Here in Denver, I drive to work every day in an SUV, I drink beer from an aluminum can and sip coffee out of a Styrofoam cup using a plastic straw. Every time I go shopping, I come home with at least five plastic bags. Recently I went out for a lunch of spaghetti and meatballs. It was served on a porcelain plate and the knife and fork were both metal -- a sign that the restaurant's best days were behind it. It closed down the next month.

In 21st century America, dining establishments are unprofitable if they waste half of their kitchen space on a dishwasher. Most lunch counters serve their bowls, burritos or bagels on plastic dishes accompanied by plastic eating utensils, even if you're not getting your food to go. Instead of using a glass, your coke comes in a paper cup -- and there are gigantic garbage bins at the exits for all the waste.

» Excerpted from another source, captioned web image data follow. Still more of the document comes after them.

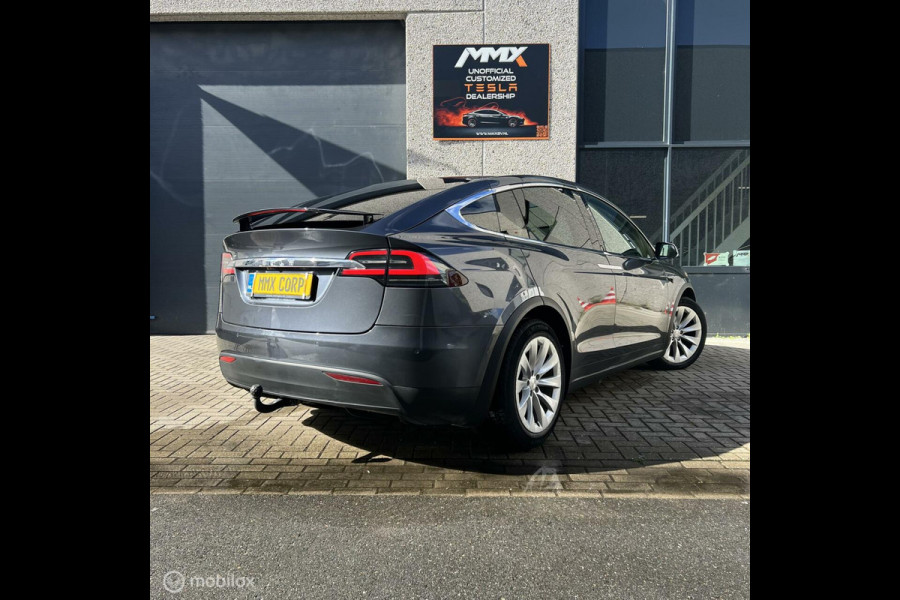 Tesla Model X 75D Grijs Trekhaak 7 Zitplaatsen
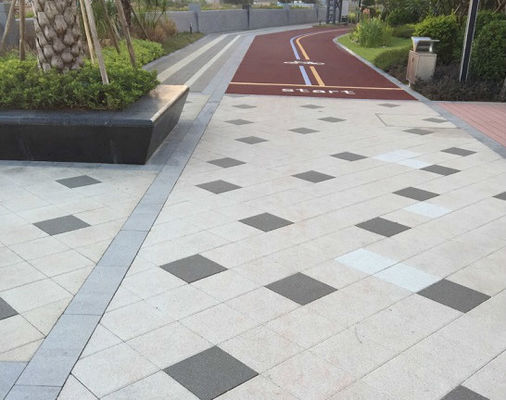 2024 Estrada exterior piso permeável colorido cerâmica água permeável ladrilho pavimentador de argila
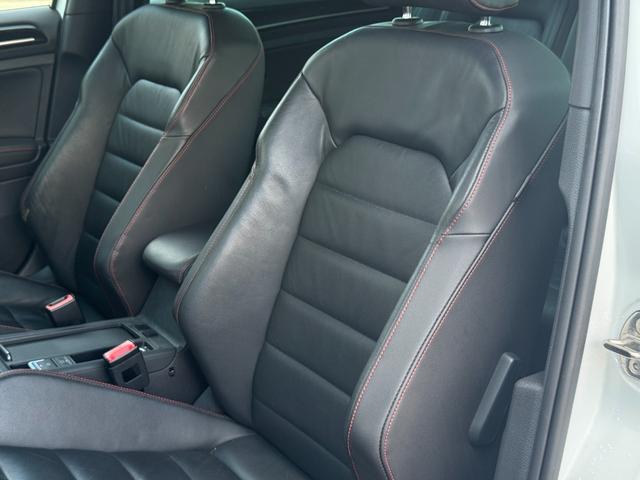 ゴルフＧＴＩ ベースグレード　純正ナビ　ＥＴＣ　コーナーセンサー　社外マフラー　本革シート　パワーシート　社外アルミホイール　プッシュスタート　ステアリングスイッチ　フルセグ視聴　Ｂｌｕｅｔｏｏｔｈ接続（14枚目）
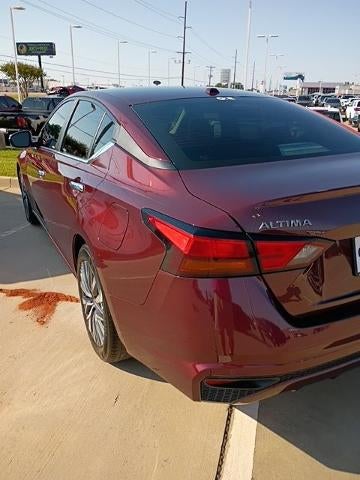 2025 Nissan Altima SV FWD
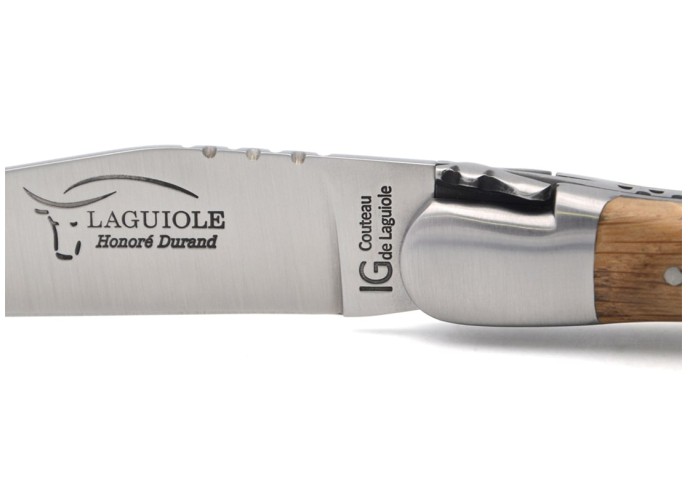 Couteau de Laguiole labellisé indication géographique en chêne de barrique, manche de 12 cm, lame seule, finition inox mat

For someone like myself, who spent a happy childhood in a Tübingen household where Nutella was banned, the milk was organic and the granola bars were homemade, it's not easy. In that Green Party stronghold, recumbent bikes were everywhere, and people felt guilty about flying even before it became fashionable to do so.

Downright Absurd

Early on in my stay in Denver, I tried to resist the U.S.'s omnipresent environmental sacrilege. I tried to reuse at least one of the plastic bags from the supermarket in the bathroom trashcan. I would take my Styrofoam coffee cup home with me in the evening, rinse it out and bring it back to work the next day so I could reuse it. And I stayed away from the locally brewed Family Vacation beer because it was only available in cans.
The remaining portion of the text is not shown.